Here is the "magic trick" in Python pseudo-code:

python
# Standard Attention (Quadratic)
# We MUST compute the (N x N) matrix first because of Softmax
Attn_Matrix = Softmax(Q @ K.T)  # Shape: (N, N) -- The Bottleneck!
Output = Attn_Matrix @ V        # Shape: (N, D)

# Linear Attention (Linear)
# We define a kernel function phi() and reorder
# We compute K.T @ V first, creating a "Global Context" matrix
Global_Context = phi(K).T @ V   # Shape: (D, D) -- Small and fixed size!
Output = phi(Q) @ Global_Context # Shape: (N, D)

We avoid the $n \times n$ matrix entirely. The catch? A "precision tax"—often a 3-5% accuracy drop because the kernel approximation isn't perfect.

The Precursor: The "S4" Era

Or: "The math that ran so Mamba could walk."

Before we talk about Mamba, we must talk about its grandfather: S4 (Structured State Space Sequence model).
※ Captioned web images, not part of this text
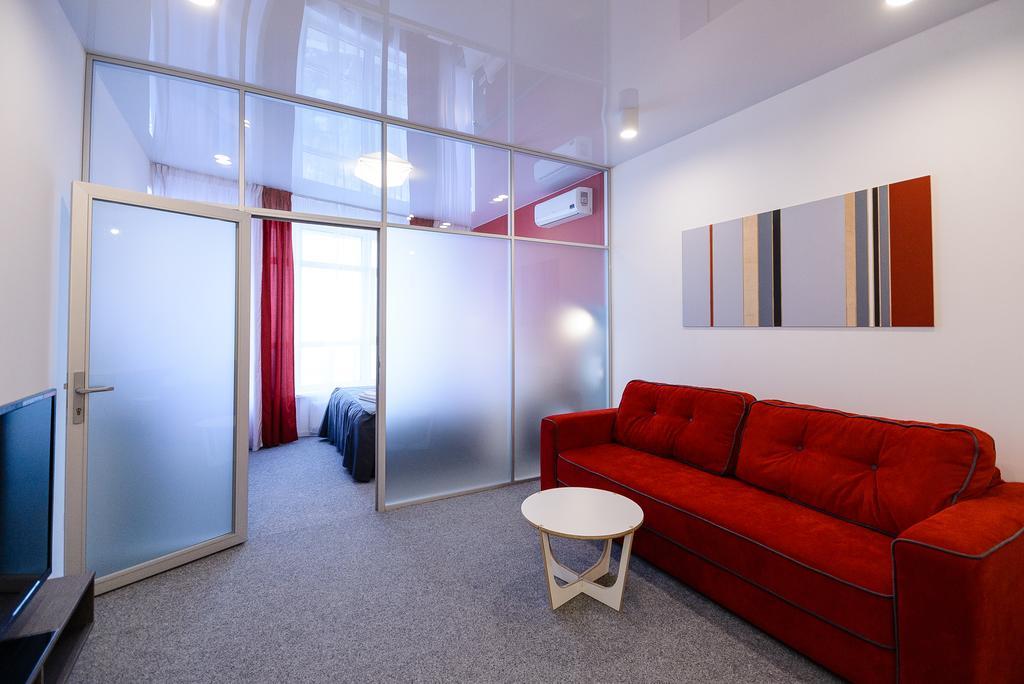 Partner Guest House Klovs'Kyi Kyiv Exterior photo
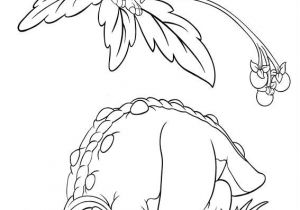 Petit Pied Le Dinosaure Coloriage Coloriage Dessins Le Petit Dinosaure 10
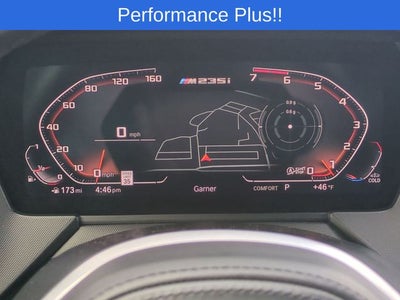 2022 BMW 2 Series M235i xDrive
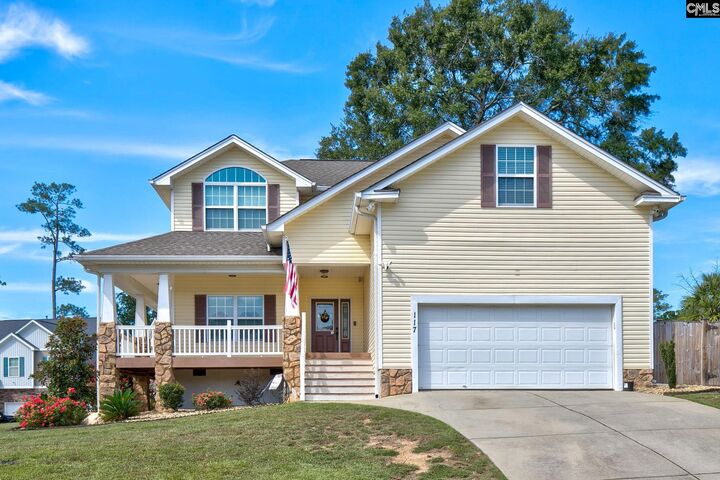 Property Photo: 117 Beth Hope SC 29210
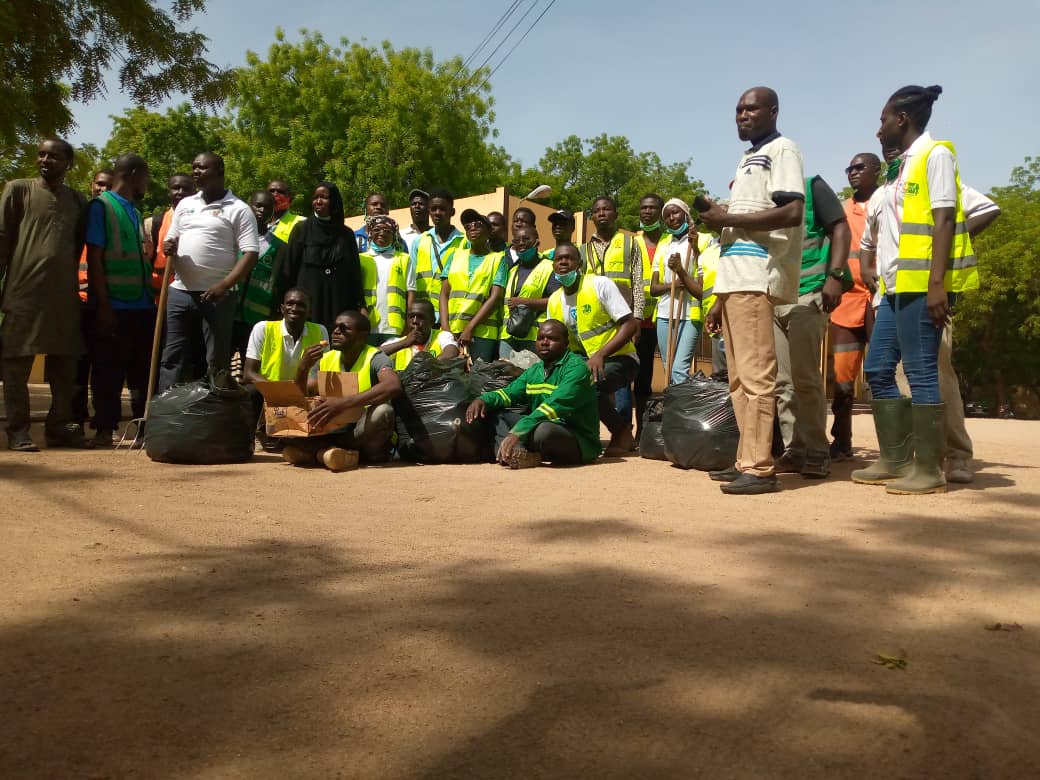CARE FOR ENVIRONMENT-CFE tweet media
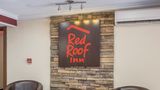 Red Roof Inn Binghamton North Lobby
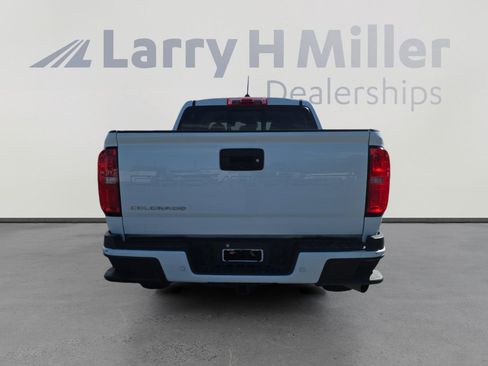 Used 2021 Chevrolet Colorado Z71 w/ Safety Package image 4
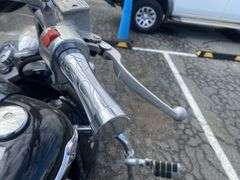 2006 Kawasaki VN1600 Motorcycle inc Leather Pouch 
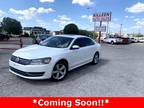 Used 2012 Volkswagen Passat for sale.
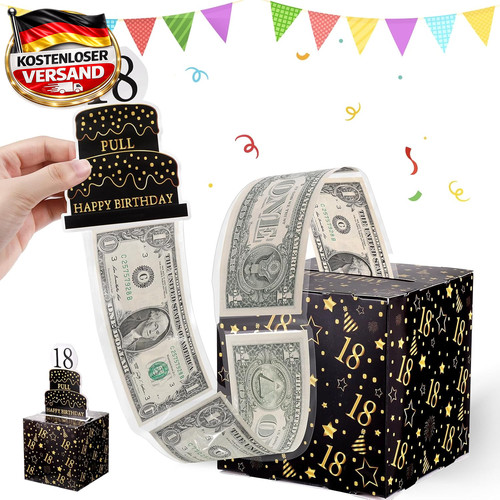 Geldgeschenk geburtstag - geldgeschenk,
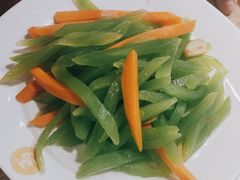 -西部马华清真兰州牛肉面·烧烤夜市(广渠门店)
For years, researchers tried to revive RNNs. The dream was a model that had a "state" (memory) like an RNN but could train in parallel like a Transformer. The breakthrough came with the HiPPO Matrix.

Gu et al. (2020) mathematically proved there is an optimal way to compress history using orthogonal polynomials (HiPPO). S4 used this to "memorize" extremely long sequences. However, S4 was a Linear Time Invariant (LTI) system. The rules of the model were fixed. It treated the word "the" with the exact same importance as the word "nuclear." It was polite, but it wasn't smart.

The Challenger: Mamba

Or: "S4 stops being polite and starts getting selective."

This leads us to Mamba (Gu & Dao, 2023). Mamba is essentially S4, but it breaks the "Invariant" rule.

Mamba introduces Selectivity. It makes the state transition parameters (the "decay" $\Delta$ ) data-dependent.

In S4: The decay rate is fixed.
In Mamba: The decay rate is calculated per token.
- If the model sees noise (e.g., whitespace), it increases the decay: "Forget this immediately."
- If it sees a key fact, it decreases the decay: "Hold onto this forever."

This allows Mamba to have the massive context of S4, but the high-fidelity reasoning of a Transformer. And thanks to a hardware-aware Parallel Scan algorithm (a manufacturing hack to run recurrent math in parallel), it trains just as fast as a Transformer.

Figure: The Selective State Space mechanism in action.

The Future: Hybrid Architectures

Or: "Why choose when you can have both?"

We are now entering the era of the Hybrid Model. Engineers realized that $O(n)$ linear efficiency is great for the "heavy lifting" of processing massive text, but $O(n^2)$ attention is still unbeaten for precise, high-fidelity recall.

Jamba (Samba): Interleaves Mamba layers (for bulk processing) with Sliding Window Attention layers (for local precision).
Kimi Linear: A new architecture from Moonshot AI that mixes a highly efficient linear attention (Kimi Delta Attention) with periodic full-attention layers to ensure no detail is lost.

Conclusion: A New Fellowship

For seven years, the industry treated Vaswani’s paper like a prophecy, searching for a single perfect architecture to handle every task. But as 2025 approaches, it is clear that there is no "One Attention to rule them all."

Instead, we have a powerful ecosystem of specialized tools: FlashAttention provides the raw training density, Mamba delivers linear scalability for massive contexts, and Hybrid Architectures offer the best of both worlds.

For the AI Solution Engineer, the job is no longer just "scaling up." It is about selecting the right mechanism for the specific trade-off at hand. The era of the quadratic bottleneck is ending; the era of the hybrid architecture has begun.